Cost saving implications of latest technological advancements attract many companies to invest in them. This is now extra important as firms face heavy pressures due to increasing expenses. Otherwise, they have to make hard choices which could result in losing customers and falling behind in the competitiveness order. In an industry like insurance, many CEOs feel that they have to find digital solutions just to keep up with their rivals.
They have been investing in digital channels for years and it appears to be paying off handsomely. According to cheapautoinsurance.net, most auto insurance policyholders prefer to get in touch with their carriers through websites, rather than using agents. It is a significant shift in customer attitudes which would certainly encourage further investment to bolster this cheaper channel. The good thing is that these companies have deep pockets.
What Is Machine Learning?
Computers can perform many tasks very efficiently and lightning fast using powerful servers, fast internet connection, complicated programs and artificial intelligence. All these are now available for many applications and getting more commonplace and cheaper. They can go through incredible amounts of data, make sense of it and apply to solve problems.
Machine learning is the next step in this process. It allows computer systems to improve on themselves by artificially and automatically understanding the operation they are working on to improve them based on available data without the need to be specifically programmed. That is why it is a mind-blowing cost saving prospect for industries in many ways.
Why Is Artificial Intelligence Promising in the Insurance Field?
There are three characteristics of the insurance industry that makes it ideal for nearly all of the latest technological developments, including big data and smart contracts.
Firstly, Insurers are data hungry because they want to predict customer reactions to things like increasing rates. They want to find out how expensive they can be without existing policyholders walking out on them. The thing is that most people are loyal and trusting. They don’t even get alternative quotes to check how expensive their insurers are unless they get a very high renewal quote. Considering they have millions of customers, being able to charge even $100 more would mean $billions for them.
Secondly, they have tons of information they need to go through and sort out every year. Furthermore, they have an incredible amount of past data that can be used in the machine learning process which is essentially looking at past data, learning from it and applying it to new information presented to them.

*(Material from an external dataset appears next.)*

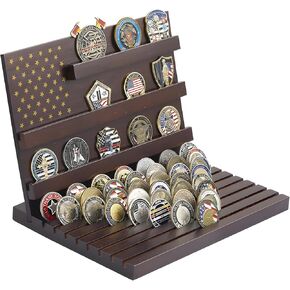 Wooden Coin Display Rack, Challenge Coin Rack with Flag Decoration, Vertical Horizontal Display for Collectibles, 80-100 Coin Capacity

What Are the Machine Learning Applications in Insurance?
One area that costs most money in the industry is naturally the claims. A large portion of the premiums collected is paid back to policyholders who need compensation for the losses they suffered. Economies in this area can easily turn the fortunes of an insurance company very fast. Handling them manually is an expensive and slow process and it is highly frustrating for the customers and carriers.
Also, there is enough information to feed through the system that will assist in the machine learning process. Once the customer fills in the details and sends the pictures, computers are able to read it, load it to the system and start comparing the damages with the other similar incidents in their database. This is one area that is very encouraging for the future developments and investments.
Currently, several companies use this technology successfully. They are so happy with the outcome that they actually trust the system to complete the whole process and pay out the claimant. There may be a few glitches but the cost saving implications mean that they can be overlooked. Furthermore, it is believed that it will sort itself out by learning and improving automatically.